Se trouver du bon côté de la fracture numérique offre généralement plus d'opportunités dans toutes les sphères de la vie, de la consommation à l'éducation et à la santé. Pourtant, les technologies de la communication et de l’information produisent de nouvelles vulnérabilités en généralisant les emplois mal rémunérés et contingents, notamment par les plateformes de travail à la demande. Cette communication fait dialoguer deux domaines d’étude – sur les inégalités numériques et sur le « digital labour » – afin de faire apparaître des situations de désavantage restées jusqu’ici dans l’ombre, et de repenser les actions de politique publique à mener. Sont mobilisés les concepts du « digital inequality stack » et la théorie des inégalités relationnelles, dans le cadre d’une industrie technologique caractérisée par un recours massif à l’externalisation, souvent à l’échelle mondiale. Bien que l’analyse proposée reste essentiellement théorique, elle adopte une approche contextualisée et s'appuie sur six années de terrain en Europe et en Amérique latine. Les résultats montrent comment la conception organisationnelle et l'infrastructure technique des plateformes, déployées au-delà des frontières géographiques, constituent des sources d’exclusion. Les inégalités se cumulent de façon complexe, articulant des clivages traditionnels dépendant par exemple du genre, de la classe sociale ou du statut migratoire, aux facteurs émergeants dus à la numérisation.

Sébastien Broca (CEMTI, Université Paris 8)

« Montrer le digital labour pour dépasser le fétichisme des technologies »
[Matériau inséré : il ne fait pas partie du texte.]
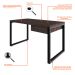 Mesa de Escritório Retangular Miguel 1 GV Marrom Escuro e Preta 135 cm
L’actuel capitalisme numérique, caractérisé par l’importance de l’informatique, des réseaux ainsi que par la centralité des firmes technologiques états-uniennes, organise le déni de son rapport à la matière et au travail. Il repose pourtant sur l’exploitation intensive de nombreuses ressources naturelles et de nombreuses activités productives, dont la plupart demeurent peu visibles pour les consommateurs occidentaux. Il suscite aussi de nouvelles injustices spatiales, étant donné que la prospérité des entreprises et des territoires situés au centre du système-monde repose en grande partie sur l’exploitation du travail et des ressources naturelles d’acteurs situés dans les périphéries. Cette réalité reste difficile à appréhender dans la mesure où les technologies numériques fonctionnent comme des « fétiches », abstraits des conditions qui rendent leur production possible et détachés des impacts sociaux et environnementaux qui sont les leurs. Cette communication tentera de lutter contre ces tendances, en présentant une analyse du capitalisme numérique à la lumière du concept d’ « échange écologiquement inégal ». Elle développera la thèse selon laquelle une réflexion critique sur les technologies ne peut se passer d’une analyse du système-monde capitaliste – et réciproquement.